When researching a dividend stock, I always follow the following screening criteria:

  • Is its annual yield among the top 25% of dividend-paying companies?
  • Has it consistently paid a stable dividend without missing a payment or drastically cutting payout?
  • Has dividend per share risen in the past couple of years?
  • Can it afford to pay the current rate of dividends from its earnings?
  • Based on future earnings growth, will it be able to continue to payout dividend at the current rate?
SEHK:3626 Historical Dividend Yield January 23rd 19
SEHK:3626 Historical Dividend Yield January 23rd 19

How well does Hang Sang (Siu Po) International Holding fit our criteria?

The company currently pays out 72% of its earnings as a dividend, according to its trailing twelve-month data, which means that the dividend is covered by earnings. Furthermore, analysts have not forecasted a dividends per share for the future, which makes it hard to determine the yield shareholders should expect, and whether the current payout is sustainable, moving forward.

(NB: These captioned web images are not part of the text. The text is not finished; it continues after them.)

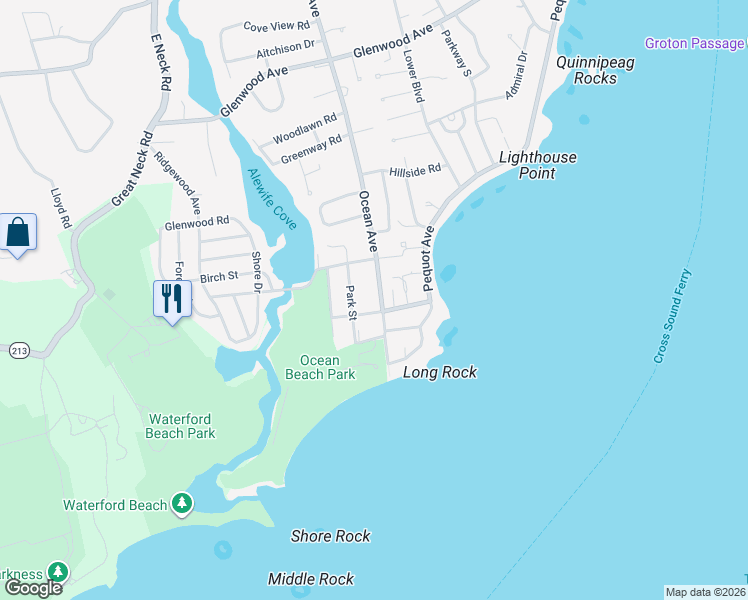 map of restaurants, bars, coffee shops, grocery stores, and more near 1127 Ocean Avenue in New London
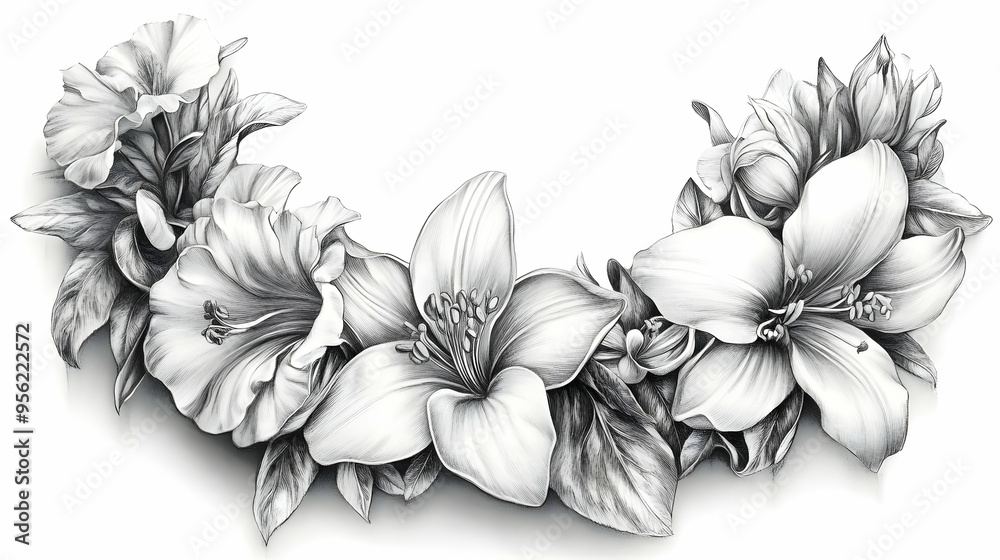 Pencil Drawing of a Floral Arrangement with White Flowers and Leaves Pencil Drawing of a Floral Arrangement with White Flowers and Leaves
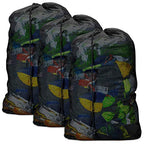 Laundry Bags Mesh Heavy Duty 24" x 36" with Drawstring Closure (Black-3Pack)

When thinking about whether a dividend is sustainable, another factor to consider is the cash flow. Cash flow is important because companies with strong cash flow can usually sustain higher payout ratios.

If there is one thing that you want to be reliable in your life, it’s dividend stocks and their constant income stream. Unfortunately, it is really too early to view Hang Sang (Siu Po) International Holding as a dividend investment. It has only been paying out dividend for the past one year. Generally, the rule of thumb for determining whether a stock is a reliable dividend payer is that it should be consistently paying dividends for the past 10 years or more. Clearly there’s a long road ahead before we can ascertain whether 3626 one as a stable dividend player.

In terms of its peers, Hang Sang (Siu Po) International Holding has a yield of 5.0%, which is on the low-side for Packaging stocks.

Next Steps:

After digging a little deeper into Hang Sang (Siu Po) International Holding’s yield, it’s easy to see why you should be cautious investing in the company just for the dividend. But if you are not exclusively a dividend investor, the stock could still be an interesting investment opportunity. Given that this is purely a dividend analysis, I recommend taking sufficient time to understand its core business and determine whether the company and its investment properties suit your overall goals. I’ve put together three relevant aspects you should further research:

  1. Future Outlook: What are well-informed industry analysts predicting for 3626’s future growth? Take a look at our free research report of analyst consensus for 3626’s outlook.
  2. Valuation: What is 3626 worth today? Even if the stock is a cash cow, it’s not worth an infinite price. The intrinsic value infographic in our free research report helps visualize whether 3626 is currently mispriced by the market.
  3. Dividend Rockstars: Are there better dividend payers with stronger fundamentals out there? Check out our free list of these great stocks here.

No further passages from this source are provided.